Les desserts, une spécialité bien française
Pas de repas gastronomique sans dessert, pas d’anniversaire sans un gâteau, pas de thé, de goûter, de repas entre amis sans quelques gâteaux, faits maison de préférence. Car même la plus piètre ménagère sait au moins faire un gâteau simple et sur les blogs de cuisine, ce sont les gâteaux et les friandises qui sont le plus souvent présentés. Les desserts et par conséquent les gâteaux et autres pâtisseries sont vraiment un des emblèmes de la gastronomie française.
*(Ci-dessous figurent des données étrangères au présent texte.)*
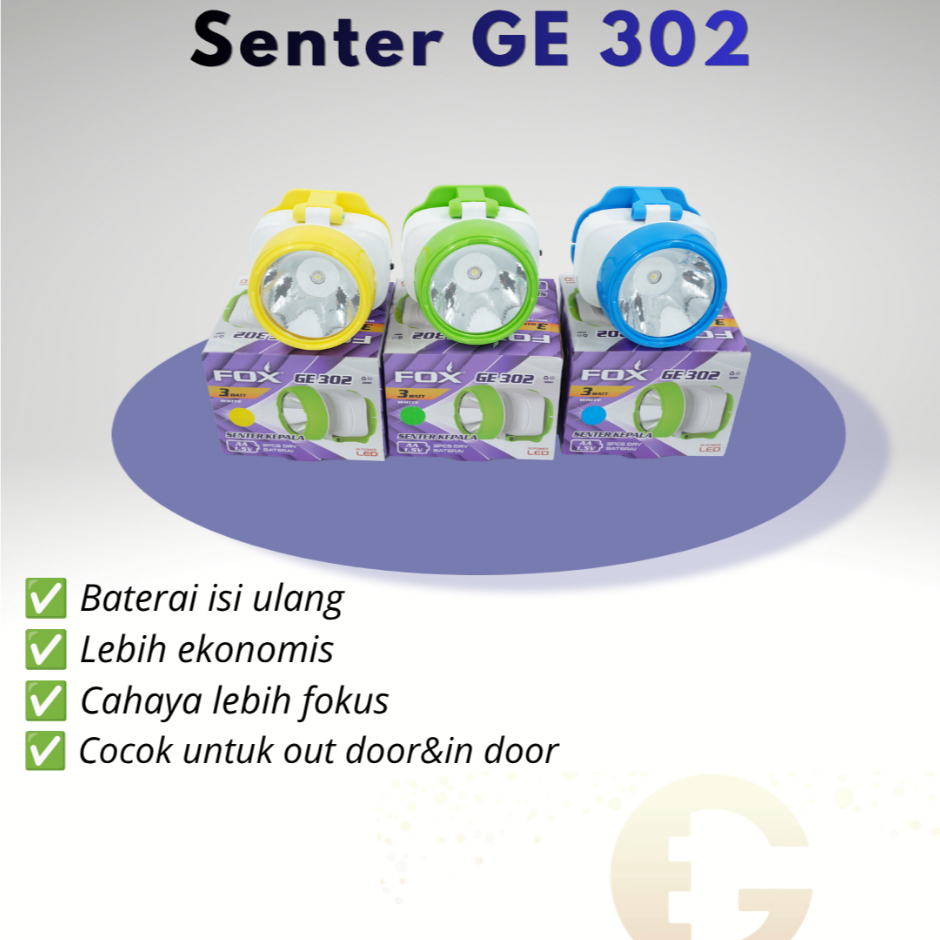 SENTER KEPALA GE 302 FOX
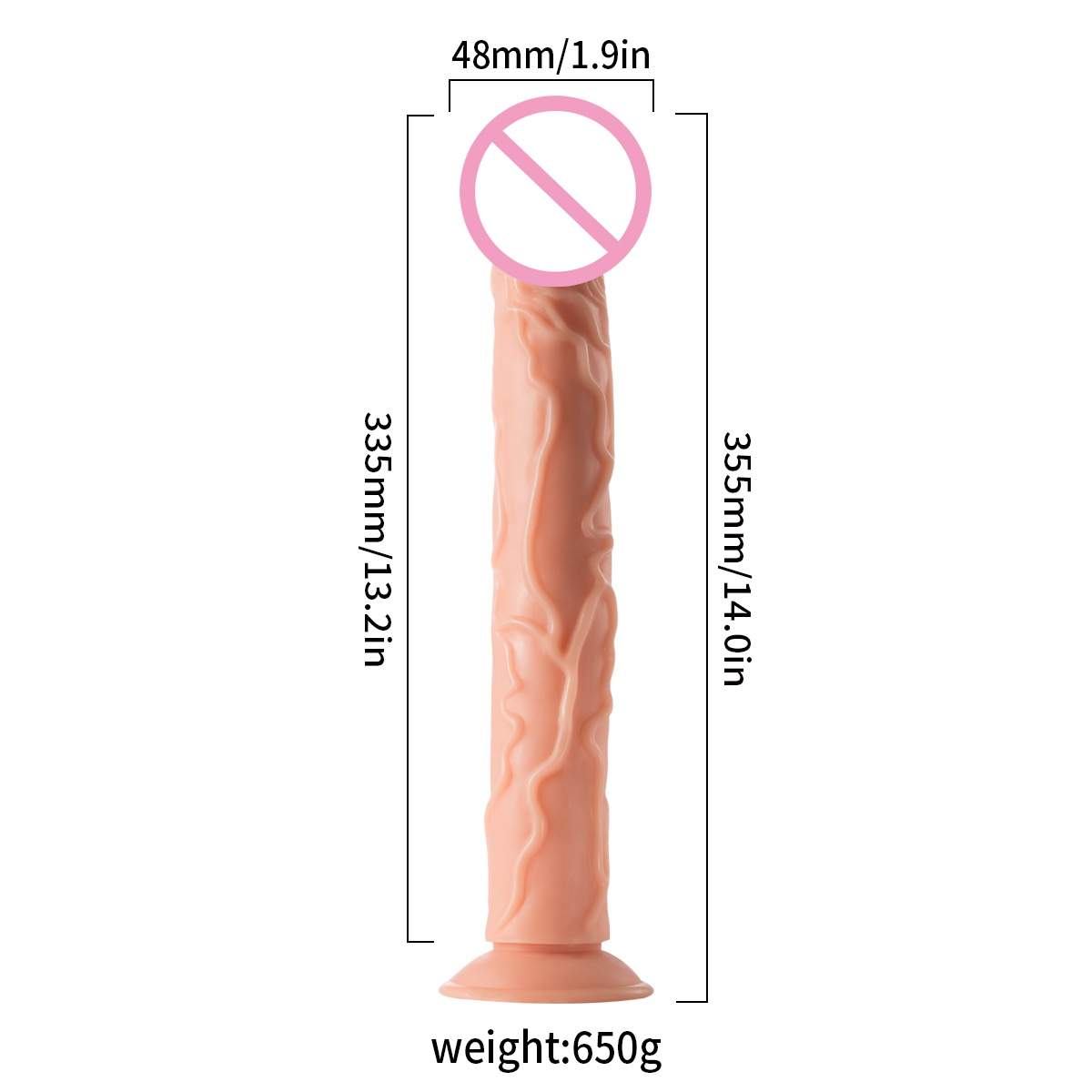 Male sex toy Dildos Long Dong for Sided Anal Play G-spot Stimulator Sex Toys for Women Couple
Ces desserts nous sont enviés par les pays étrangers où il n’existe pas autant de variétés de gâteaux.
l'anniversaire de tante Jeanne
la décoration de Grand-Papa, les livres de pâtisseries de l'entre-deux guerres offraient un choix incomparable de gâteaux. Tous n'étaient aussi kitschs que ceux-ci.
Le mot même dessert signifie : ce qui est servi quand la table est desservie. On enlève tout ce qui avait été posé sur la table auparavant : salière et poivrière, assiettes et couverts, vin, pain et miettes de pain pour apporter les assiettes et couverts à desserts. Au Moyen-âge, on remplaçait même la nappe avant d’apporter les desserts. Les desserts représentent un service à part dans le repas, un service qui peut être facultatif.
Les desserts qui ont pour mission d’amuser les estomacs rassasiés, des palais saturés sont des pâtisseries réalisées à partir de farine, d’œufs, de sucre, de lait et de beurre qui nourrissent l’imagination et suscitent du plaisir.
Les desserts vont porter différents noms au cours des siècles. Au XIIIe siècle on leur donnait de jolis noms comme fritel, tortel, friolette, chastenel, chosete qui étaient des petites gourmandises. Plus tard, les pâtisseries prirent le nom de "métiers" qui désignaient les petites gaufrettes, les darioles, les oublies que l’on dégustait aussi dans la journée pour couper sa faim ou juste par plaisir.
Gaufres
Le XVe siècle voit se développer les desserts et gâteaux. Les techniques s’affinent et le matériel et les cuissons sont plus perfectionnés. Les pâtissiers fabriquent des fongelines (fouaces au sucre et au musc),
des cannellines,
des massepains,
des pignolats,
des roquilles à base d’écorces d’orange confites en forme d’anneau,
des macarons et des samblettes.
Des badrées ou badrayes qui sont des pâtisseries sur lesquelles on étend de la marmelade de pommes,
des bardanoises sorte de tarte aux pommes et raisins de Corinthe recouverte d’une fine couche de pâte.
Connaissez-vous les moustacholles ou marselettes, petits gâteaux à base d’amandes douces, grillées et pilées, de cannelle en poudre, de sucre et d’œufs assaisonnées d’écorce de cédrat,
les nieulx, fins copeaux de pâte frits et saupoudrés de sucre,
les craquelins, les gimbelettes, les poupelins, les maselettes au méteil, les casse-museaux ?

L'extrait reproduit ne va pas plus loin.